Absence of Significant Relationships
No significant relationship was observed between baseline renal function and any treatment regimen for hematologic toxicity, dose modification, therapy completion, or relapse-free or overall survival. Risk of grade ≥ 3 nonhematologic toxicity was decreased with increasing creatinine clearance for cyclophosphamide/doxorubicin (odds ratio [OR] = 0.69, P = .008, for 10-unit increase) and borderline significantly increased for capecitabine (OR = 1.21, P = .052, for 10-unit increase); risk of hematologic or nonhematologic toxicity was increased with increasing creatinine clearance for capecitabine (OR = 1.23, P = .035, per 10-unit increase). No increased risk of complications was observed for patients with renal insufficiency who received dose modifications vs patients without renal insufficiency who received full doses.

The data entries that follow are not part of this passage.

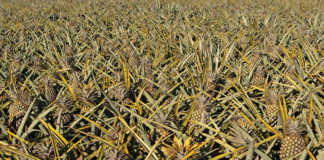 How a small farmer became SA’s biggest pineapple producer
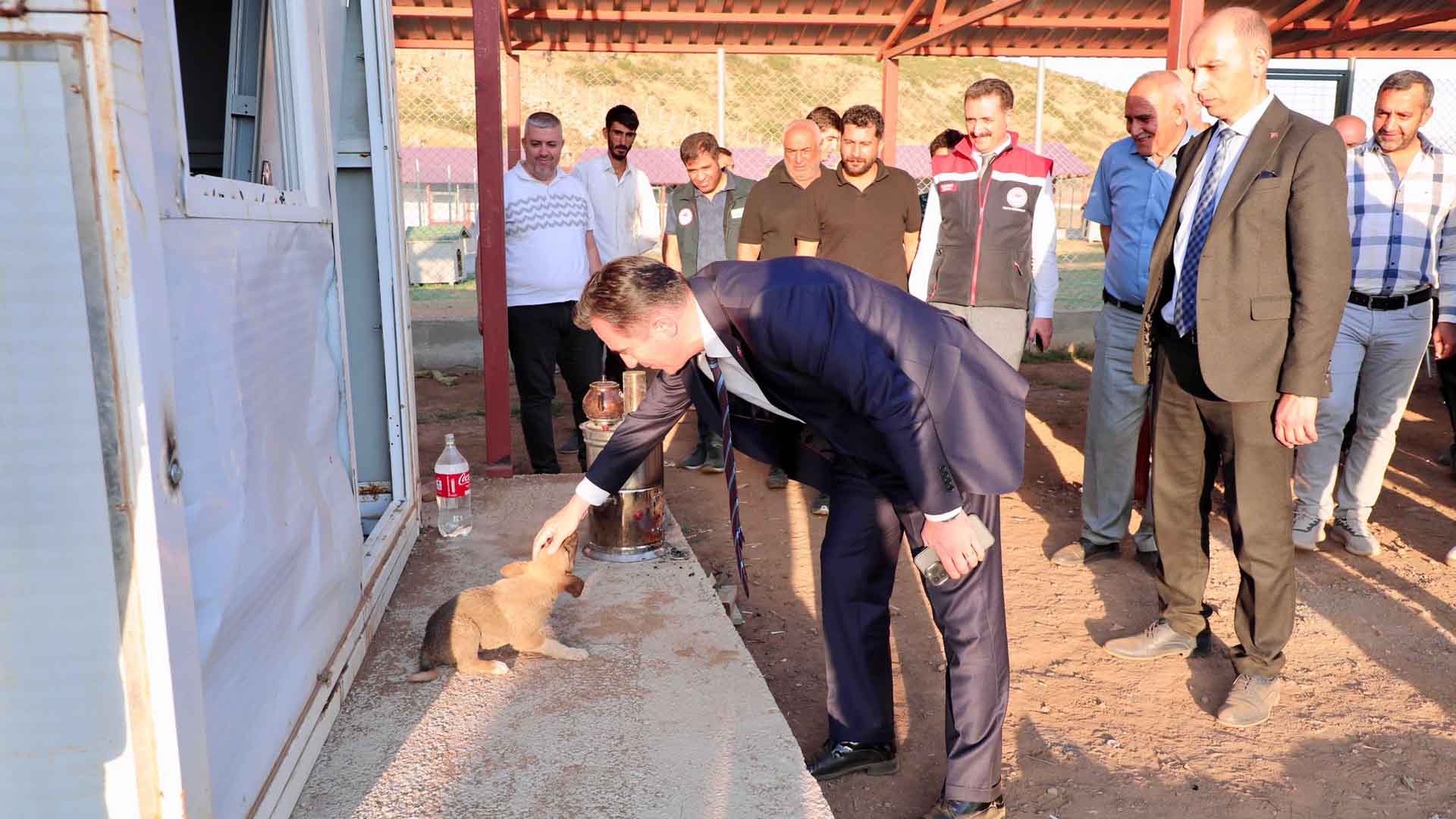 Bitlis Valisi Karakaya Sokak Hayvanları Doğal Yaşam Alanını İnceledi 2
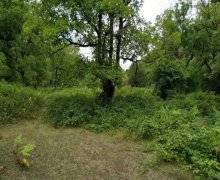 qebelede torpaq alqi satqisi Qəbələ ş.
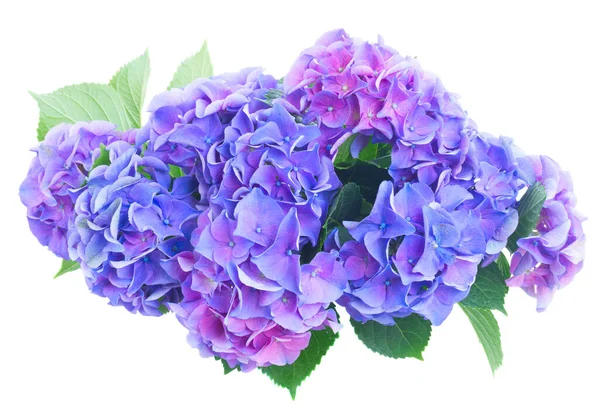 Голубые и фиолетовые гортензии — стоковое фото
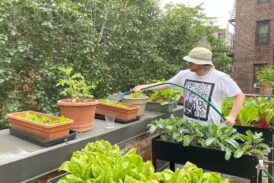 A Rooftop Garden Grows in Manhattan to Feed Hungry Migrants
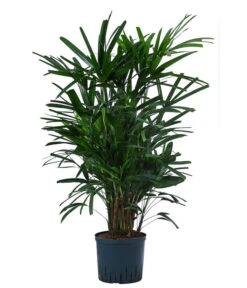 Steckenpalme - Rhapis Excelsa, Hydrokultur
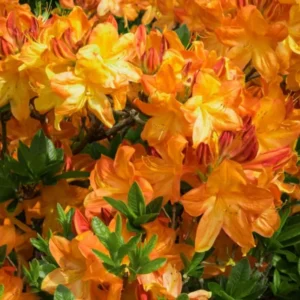 Yellow Azalea Rhododendron Plant Live Shrubs Bushes Flowers in 4
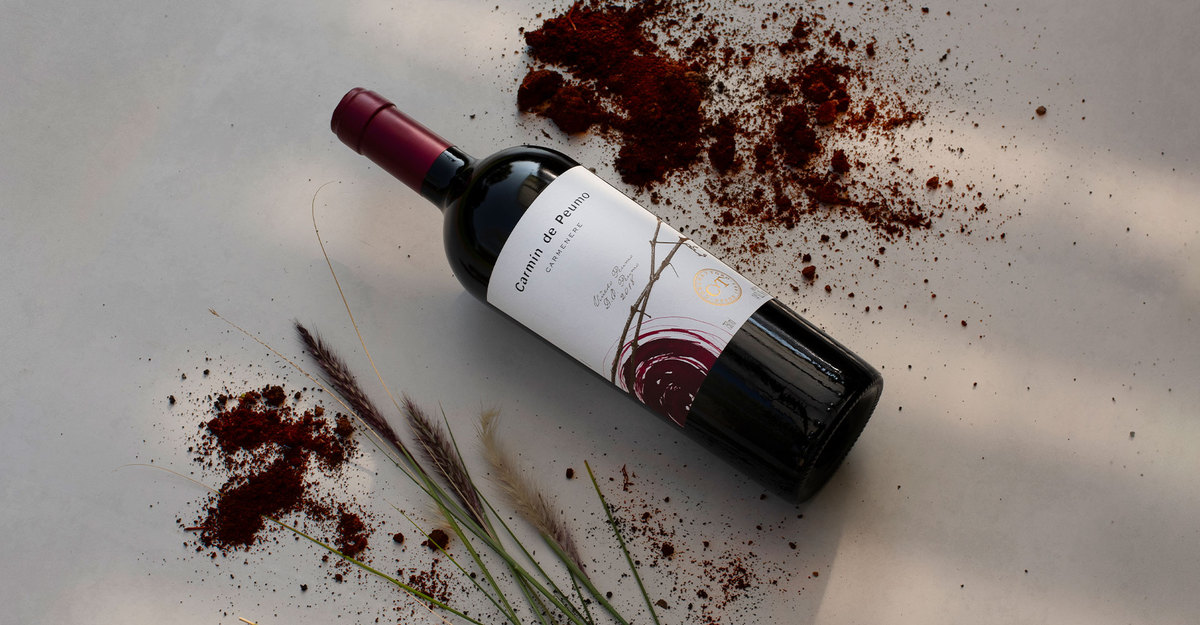 Carmín de Peumo apontado como um dos “100 melhores vinho de 2021”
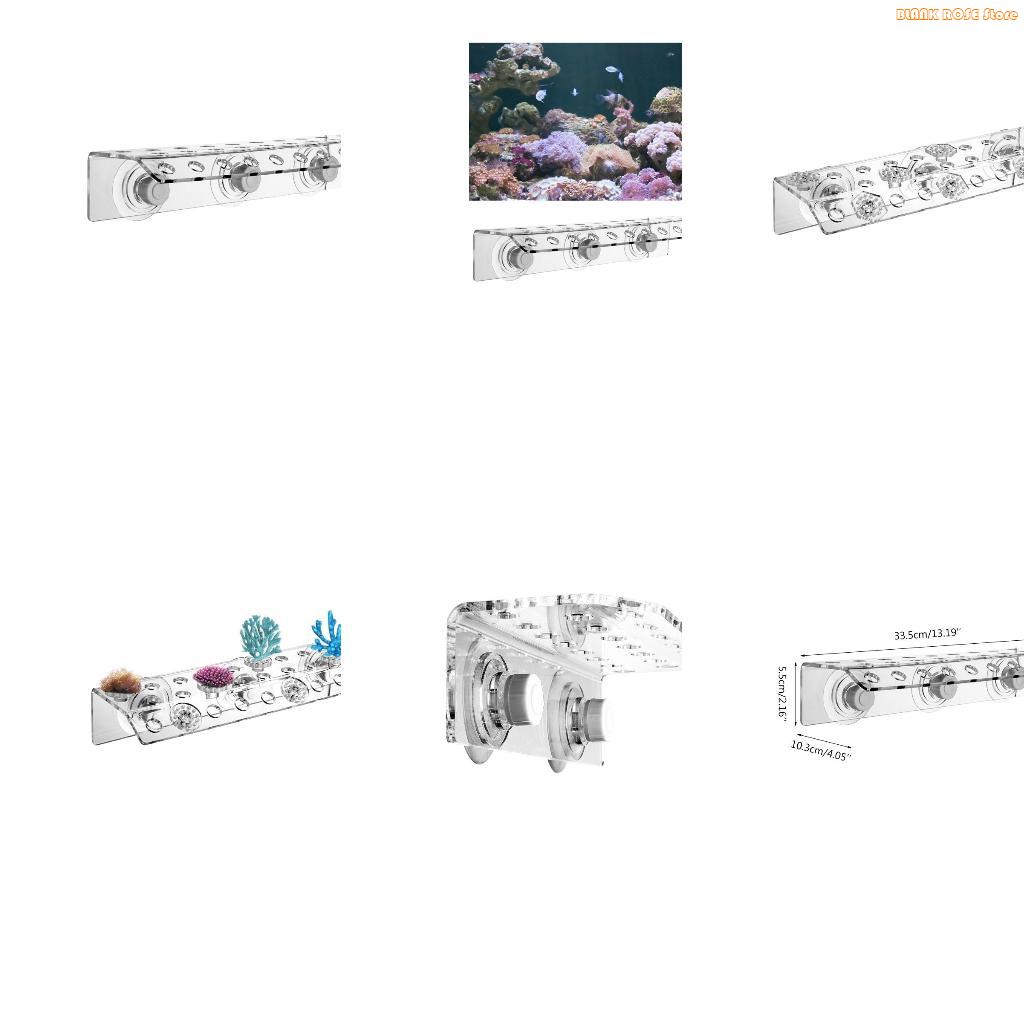Reef Aquarium - K1AE Acrylic Hô Frag Giá Để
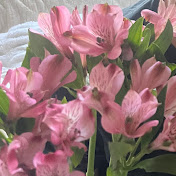 Profile Picture of Hailey Quinn (@haileyquinn2822) on Youtube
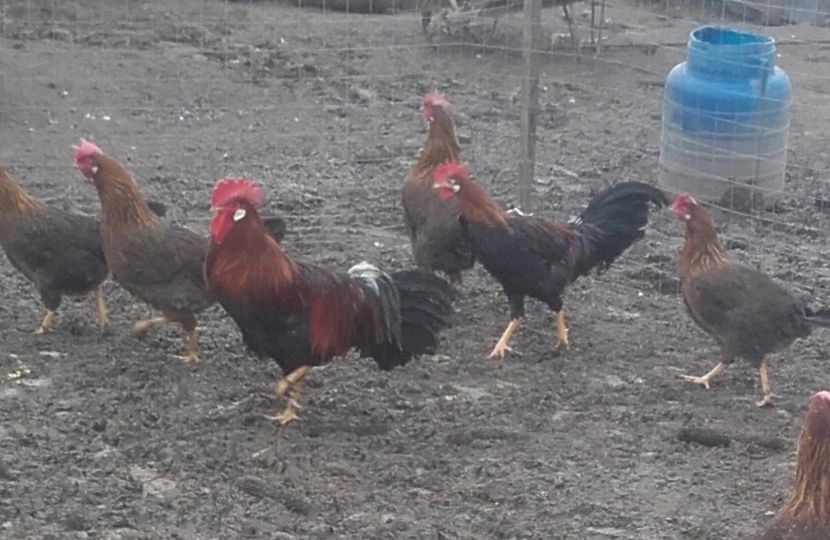 20180111_103015-1 - Italian potarnichiu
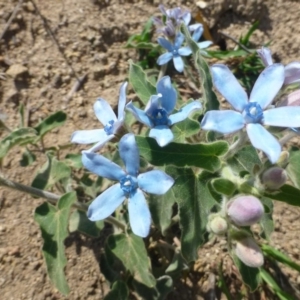 Oxypetalum coeruleum at Isaacs, ACT - 11 Jan 2019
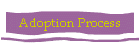 Adoption Process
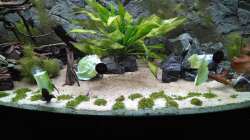 Erste Gurken und Salatfütterung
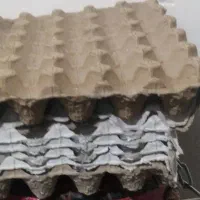 شانه تخم مرغ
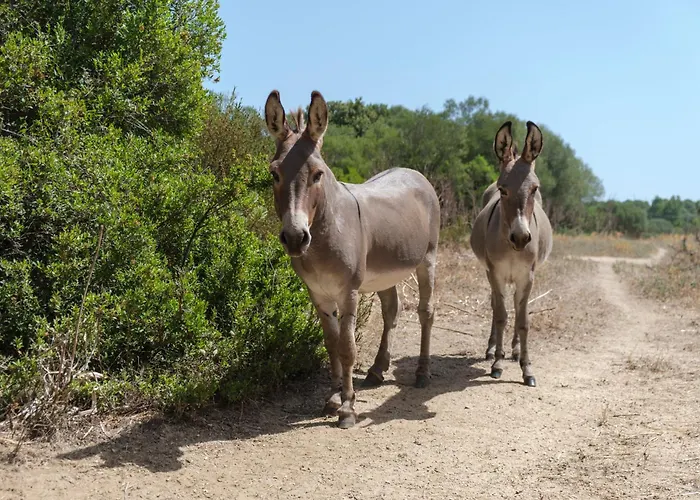 Oda ve Kahvaltı Terra E Smeralda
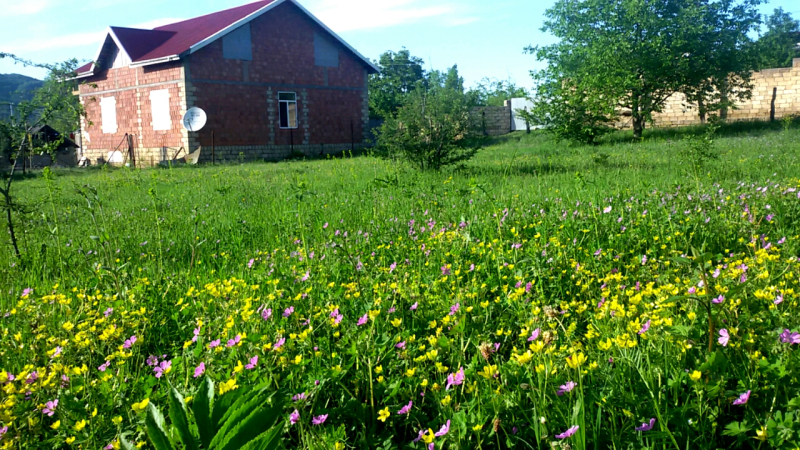 Satılır 12 sot torpaq Quba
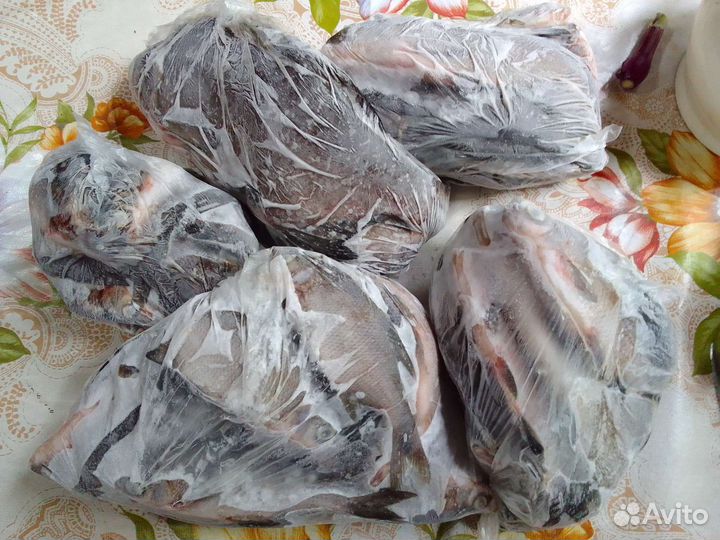 Мелкая рыба на корм для животных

The investigators concluded: “Excluding from clinical trials patients with renal insufficiency but good performance status on the basis of concern of excessive hematologic toxicity or poor outcomes may not be justified with appropriate dosing modifications. Results should be considered in the design of clinical trials for older patients.”
The study was supported by the National Cancer Institute and Alliance for Clinical Trials in Oncology.
Stuart M. Lichtman, MD, of Memorial Sloan Kettering Cancer Center, is the corresponding author of the Journal of Clinical Oncology article.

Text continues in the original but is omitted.